An \(R^2\) of 0 means the model does no better than predicting the mean for every listing. An \(R^2\) of 1 means the model explains all the variation — every prediction matches exactly.
\[R^2 = 1 - \frac{\sum_i (y_i - \hat{y}_i)^2}{\sum_i (y_i - \bar{y})^2}\]
\(R^2\) measures the fraction of variance in \(y\) “explained” by the model. It ranges from 0 (the model explains nothing beyond the mean) to 1 (perfect fit). We’ll see a geometric interpretation — \(R^2\) as a projection ratio — later in this chapter.
Before adding more features, let’s connect \(R^2\) to a quantity you’ve seen in introductory statistics: the correlation coefficient \(r\).

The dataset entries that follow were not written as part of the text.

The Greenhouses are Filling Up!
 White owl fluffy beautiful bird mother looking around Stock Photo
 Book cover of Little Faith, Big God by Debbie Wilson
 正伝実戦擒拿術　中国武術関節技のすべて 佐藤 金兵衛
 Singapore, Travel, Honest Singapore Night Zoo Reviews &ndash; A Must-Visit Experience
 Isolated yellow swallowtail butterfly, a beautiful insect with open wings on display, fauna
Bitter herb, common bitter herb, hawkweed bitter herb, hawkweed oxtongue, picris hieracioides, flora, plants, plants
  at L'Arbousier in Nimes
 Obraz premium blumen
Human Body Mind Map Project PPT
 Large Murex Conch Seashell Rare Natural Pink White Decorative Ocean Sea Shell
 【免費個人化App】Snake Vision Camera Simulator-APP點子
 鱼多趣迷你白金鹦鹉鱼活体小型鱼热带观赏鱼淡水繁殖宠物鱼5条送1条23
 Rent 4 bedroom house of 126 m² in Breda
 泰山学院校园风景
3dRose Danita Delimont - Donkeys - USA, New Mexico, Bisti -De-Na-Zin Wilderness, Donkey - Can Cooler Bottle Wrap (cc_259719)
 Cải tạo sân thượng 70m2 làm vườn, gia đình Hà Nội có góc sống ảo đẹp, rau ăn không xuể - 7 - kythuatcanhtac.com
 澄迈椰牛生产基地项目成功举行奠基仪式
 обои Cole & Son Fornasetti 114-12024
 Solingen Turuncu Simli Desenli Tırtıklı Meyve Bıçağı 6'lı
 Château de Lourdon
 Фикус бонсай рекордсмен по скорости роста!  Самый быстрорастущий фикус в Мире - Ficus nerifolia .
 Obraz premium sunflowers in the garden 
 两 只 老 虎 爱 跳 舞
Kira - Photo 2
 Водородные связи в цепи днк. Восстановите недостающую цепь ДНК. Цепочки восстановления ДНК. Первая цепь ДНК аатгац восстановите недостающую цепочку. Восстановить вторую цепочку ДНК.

The correlation coefficient \(r\) measures the strength and direction of the linear association between two variables. We compute it with .corr(). It ranges from \(-1\) (perfect negative linear relationship) to \(+1\) (perfect positive). The regression line can be written as \(\hat{y} = r \cdot \frac{SD_y}{SD_x}(x - \bar{x}) + \bar{y}\), which makes \(r\) the slope in standardized units.
# Compute the correlation coefficient between price and bedrooms
r = df['price_clean'].corr(df['bedrooms'])
print(f"Correlation between price and bedrooms: r = {r:.4f}")
print(f"r² = {r**2:.4f}")
print()
# Compare to R² from the simple regression
y_hat_simple = model_simple.predict(df[['bedrooms']])
ss_res = np.sum((df['price_clean'] - y_hat_simple)**2)
ss_tot = np.sum((df['price_clean'] - df['price_clean'].mean())**2)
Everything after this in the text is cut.